▶ How to complete this task: Only the lines from the one containing "Downpipe BMW F20 F21 114i 116i 118i N13" through the end of the data belong in the answer; reproduce them exactly.

▶ Records from a data collection:
******************************

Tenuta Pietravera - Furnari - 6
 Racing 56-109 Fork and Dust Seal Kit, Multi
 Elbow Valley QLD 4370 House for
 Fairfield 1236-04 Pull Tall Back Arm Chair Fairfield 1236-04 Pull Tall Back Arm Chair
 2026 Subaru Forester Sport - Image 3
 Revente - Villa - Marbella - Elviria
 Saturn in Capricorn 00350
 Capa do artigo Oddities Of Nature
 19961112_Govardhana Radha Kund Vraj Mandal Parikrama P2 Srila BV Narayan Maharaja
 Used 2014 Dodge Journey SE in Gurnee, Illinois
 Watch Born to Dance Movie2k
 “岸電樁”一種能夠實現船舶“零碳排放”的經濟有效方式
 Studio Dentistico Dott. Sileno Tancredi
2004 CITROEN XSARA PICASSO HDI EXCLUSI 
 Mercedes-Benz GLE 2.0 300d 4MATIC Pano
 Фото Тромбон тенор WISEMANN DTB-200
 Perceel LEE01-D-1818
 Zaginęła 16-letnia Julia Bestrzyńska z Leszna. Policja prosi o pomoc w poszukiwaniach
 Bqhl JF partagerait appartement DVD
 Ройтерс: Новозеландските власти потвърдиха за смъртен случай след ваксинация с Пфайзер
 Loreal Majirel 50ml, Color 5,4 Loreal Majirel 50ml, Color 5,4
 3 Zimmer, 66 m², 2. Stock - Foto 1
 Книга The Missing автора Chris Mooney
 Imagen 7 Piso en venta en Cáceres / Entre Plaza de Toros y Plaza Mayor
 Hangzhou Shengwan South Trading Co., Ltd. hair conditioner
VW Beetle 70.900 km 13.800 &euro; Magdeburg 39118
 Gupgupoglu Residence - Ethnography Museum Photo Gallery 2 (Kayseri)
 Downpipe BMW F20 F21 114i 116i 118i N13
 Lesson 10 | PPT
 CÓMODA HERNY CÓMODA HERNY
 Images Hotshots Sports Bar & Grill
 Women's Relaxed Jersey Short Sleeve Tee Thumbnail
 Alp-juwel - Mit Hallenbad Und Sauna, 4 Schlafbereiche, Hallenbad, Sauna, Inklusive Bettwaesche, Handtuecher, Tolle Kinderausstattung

******************************

▶ Written reply:
 Downpipe BMW F20 F21 114i 116i 118i N13
 Lesson 10 | PPT
 CÓMODA HERNY CÓMODA HERNY
 Images Hotshots Sports Bar & Grill
 Women's Relaxed Jersey Short Sleeve Tee Thumbnail
 Alp-juwel - Mit Hallenbad Und Sauna, 4 Schlafbereiche, Hallenbad, Sauna, Inklusive Bettwaesche, Handtuecher, Tolle Kinderausstattung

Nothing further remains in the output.